Hopefully they will schedule the loco next year to run in the summer on close to the same schedule. Be just right if it could hit KCMO during the National convention. Later RJD


----------



## Jerry Barnes (Jan 2, 2008)

844 is out in Portland right now.


----------



## Biblegrove RR (Jan 4, 2008)

I will be in Gorham IL for it's turn around - Do not understan why they pick this place, it's in a corn field with NO population and do notthink there is a turn around track there anyway...? It's only an hour away or less. My 5 year old is going to FREAK OUT! He loves that train!


----------



## Manco (Jan 5, 2009)

I live in Sedalia... according to the schedule, it's spending the night here. Does anyone know if that's correct? 
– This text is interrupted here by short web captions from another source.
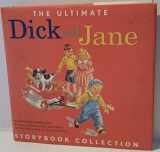9780448438245-0448438240-Ultimate Dick and Jane Storybook Collection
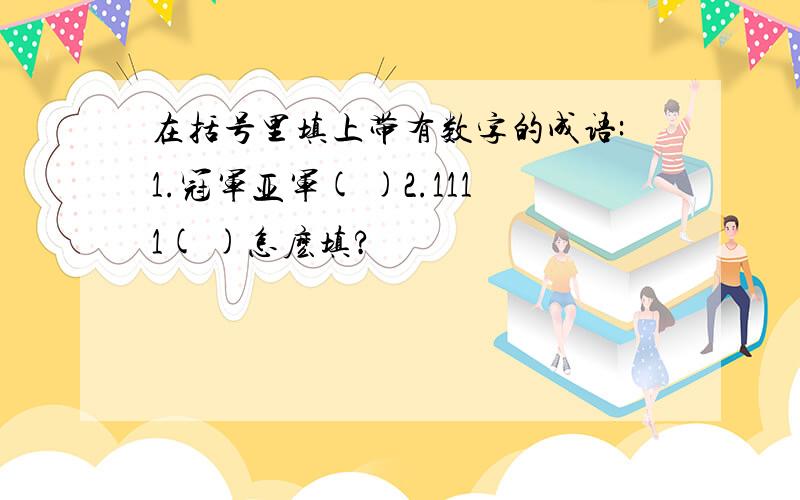 在括号里填上带有数字的成语:1.冠军亚军( )2.1111( )怎麽填?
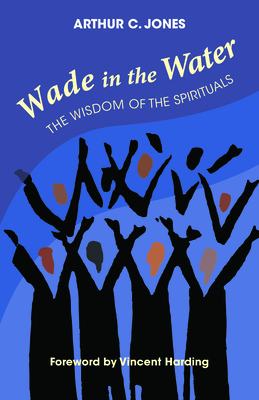 Wade in the Water: The Wisdom of the Spirituals - Revised Edition By Arthur C. Jones, Vincent Harding (Foreword by) Cover Image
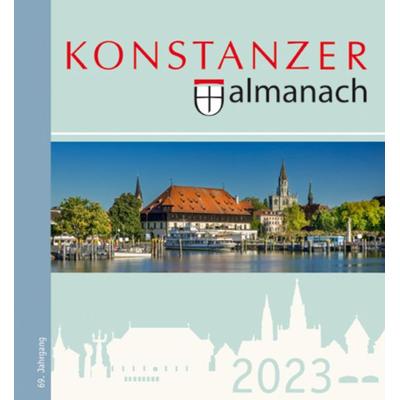 Konstanzer Almanach 2023, Taschenbuch von , Stadler Konstanz, 978-3-7977-0776-5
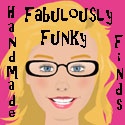 Fabulously Funky : Handmade Fabulously Funky Finds One Day at a Time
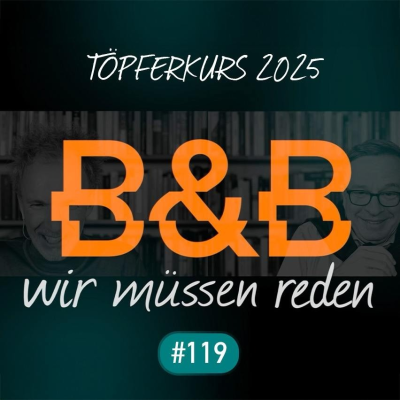 episode B&B #119 Burchardt & Böttcher - Töpferkurs artwork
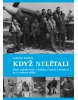 Když nelétali (Kristína Pavelková)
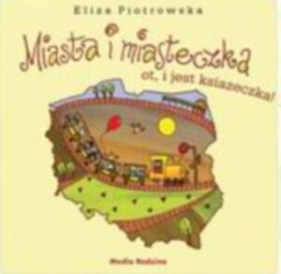 Książeczka wycieczka po miastach i miasteczkach - Eliza Piotrowska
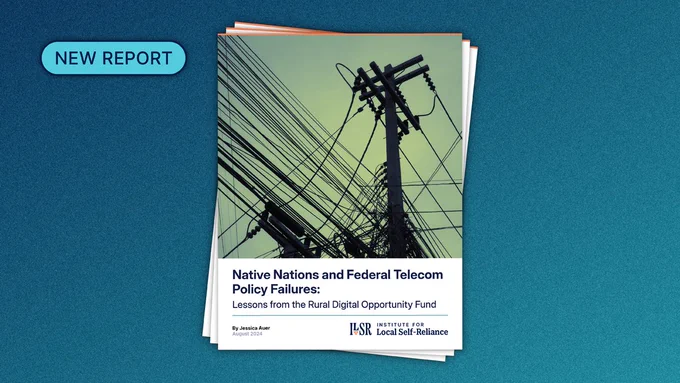 Native Nations and Federal Telecom Policy Failures: Lessons from the Rural Digital Opportunity Fund, by Jessica Auer, August 2024. Report cover on blue background. 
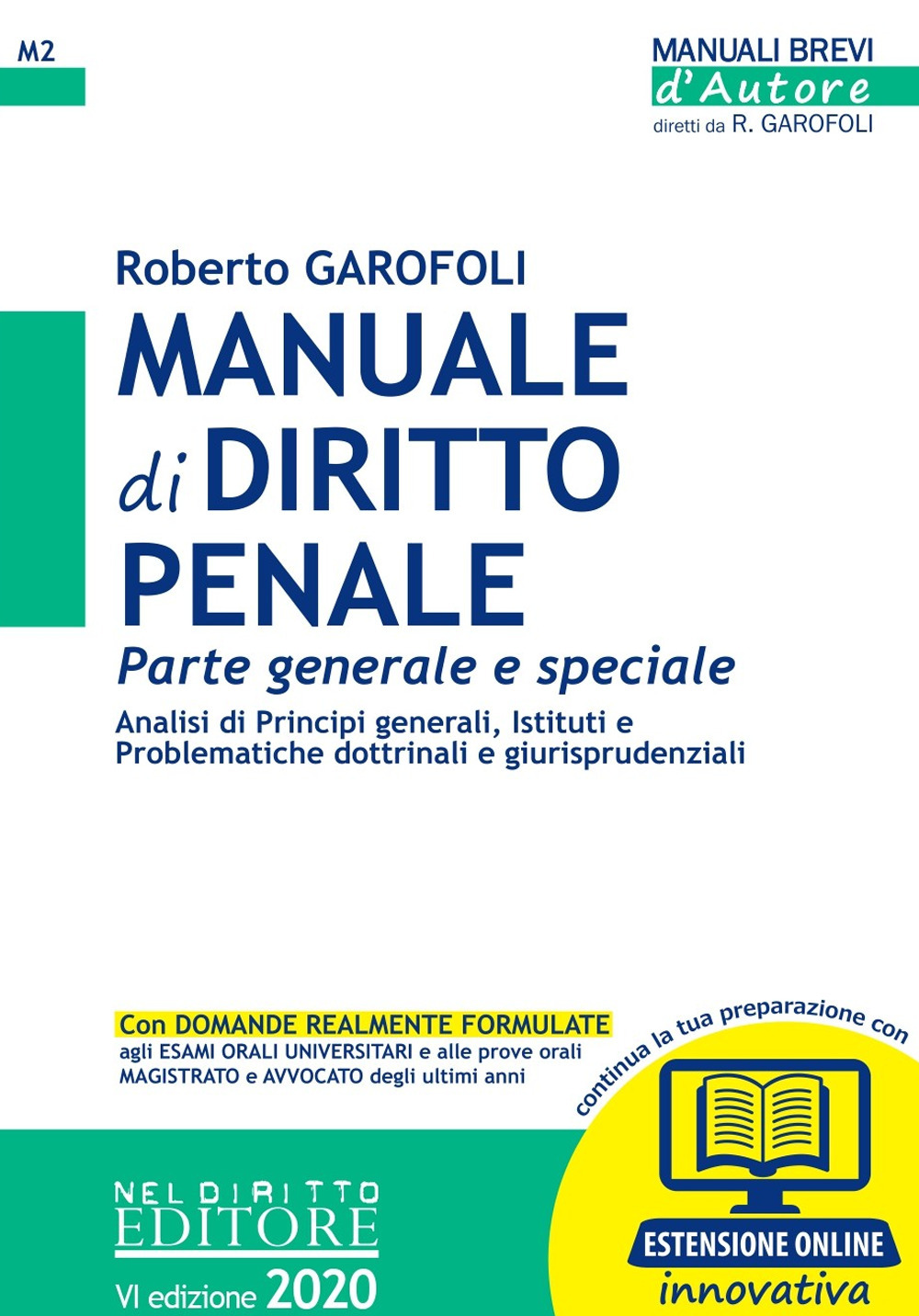 Manuale di diritto penale. Parte generale e speciale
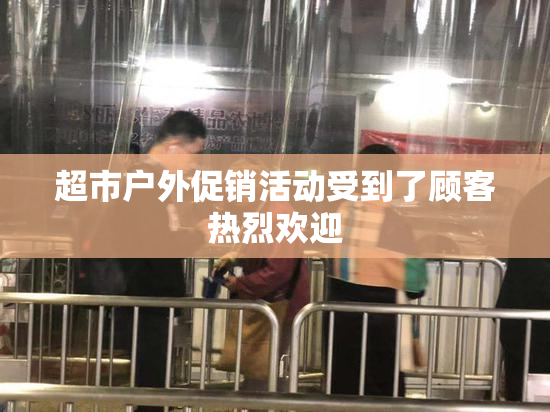 超市户外促销活动受到了顾客热烈欢迎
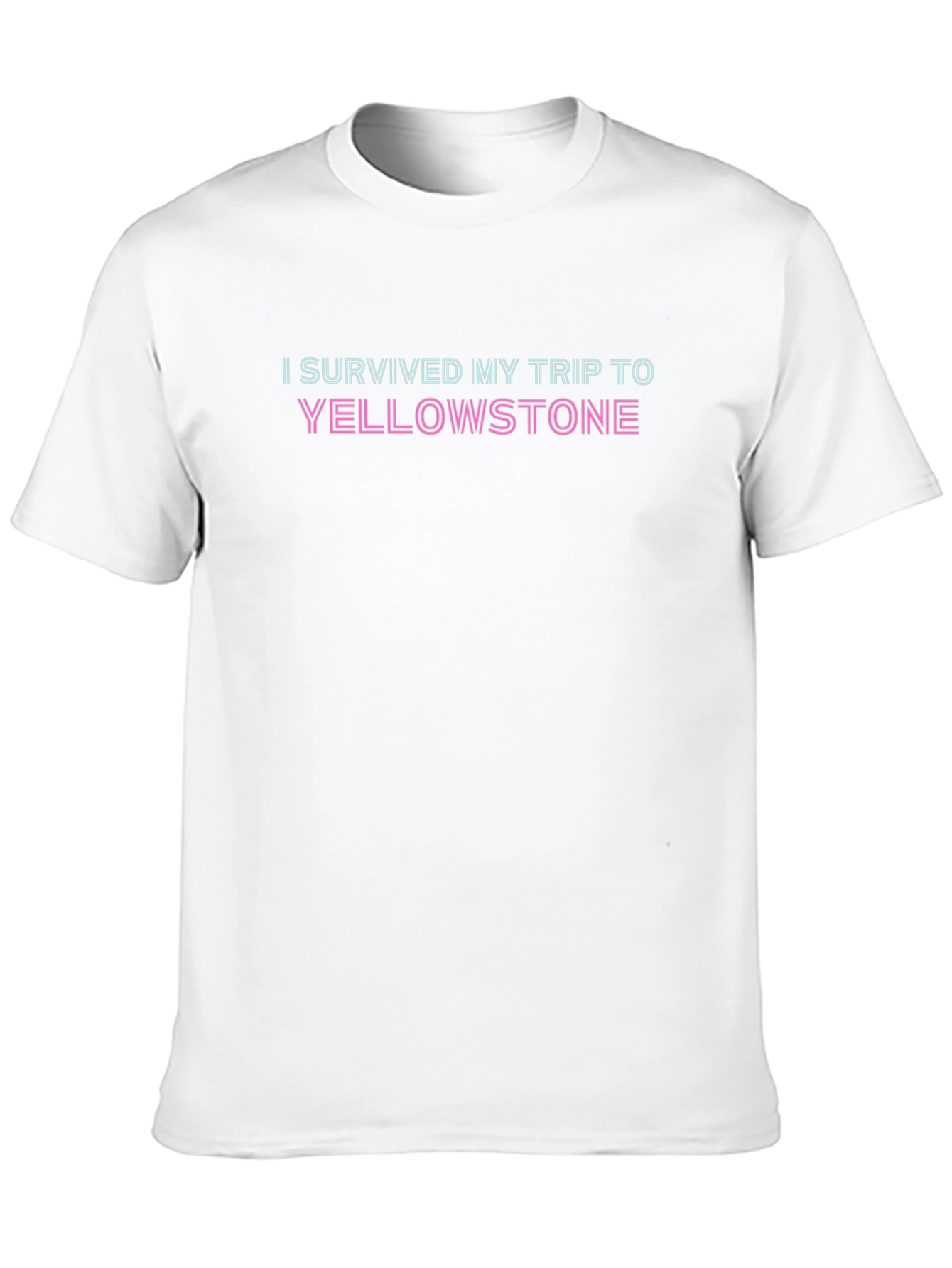 I Survived My Trip to Yellowstone T-Shirt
Edit: looks like it's here for our sesquicentennial (150th) anniversary, so I guess it is feasible that they'll park it here overnight. Sweet, that'll give me a good chance to get up close and personal with it.


----------



## caferacer (Jul 22, 2010)

Jerry what a sight to behold get some good photos or better still some video footage could you post them on MLS its a bit far for me to see from down under caferacer


----------



## Jerry Barnes (Jan 2, 2008)

Cafe, 
I have some videos of the Challenger on youTube. gunjeep444 is my name on there. It stopped here a couple of years ago, and in the next town going the other way. Awesome sound/steam!


----------



## Jerry Barnes (Jan 2, 2008)

Manco, I took that info off the UP's Steam site, so I'm sure it's true. You can track it online, just go to the site. It can be faster, or slower, depending on traffic and any problems. Oh yeah, the trace online can be 15-20 minutes off, so don't try to cut it too fine.


----------



## blueregal (Jan 3, 2008)

For those in the Cheyenne, Wyo, and Denver Colo. area, 3985 will pull the famous Ringling Bros. Circus train on the morning of the 28th of Sept. to Denver Colo. See attached article/link!! Regal

UP: Union Pacific Railroad's World's Largest Operating Steam Locomotive to Pull 'Ringling Bros.' Circus Train on Way to Sedalia, Mo., Celebration


----------



## robteed (Jun 23, 2010)

I'm going to catch it in St. Louis. I planned an out of state roof job so will be in the area. Planning a day to chase it.


----------



## up9018 (Jan 4, 2008)

The UP Steam locos spend the night in Marysville, KS only 2 blocks from my house, I love where I live.....Will be good to see 3985 again. 

Chris


----------



## R Snyder (May 12, 2009)

Chris, 
Do you know what time the Challenger will arrive in Marysville and what time it will depart the next morning?


----------



## Jerry Barnes (Jan 2, 2008)

Richard, the UP usually posts a more detailed schedule, but have not as of yet.
UP Steam Schedule 


On the above link you can also click to get the Steam Trace and follow it on your computer/phone. Be aware it can be as much as 20 minutes off, so don't try to cut it too fine.


----------



## Jerry Barnes (Jan 2, 2008)

I looked again and found the detailed schedule.
Detailed Schedule


----------



## up9018 (Jan 4, 2008)

Richard, 

Follow the schedule that Jerry posted, it is usually pretty accurate on arrival times, and they always get out at 8:00 AM. The return trip, Oct 13th the Challenger leaves Marysville and works up a stiff grade on it's way out of town.....that is usually a very good show. 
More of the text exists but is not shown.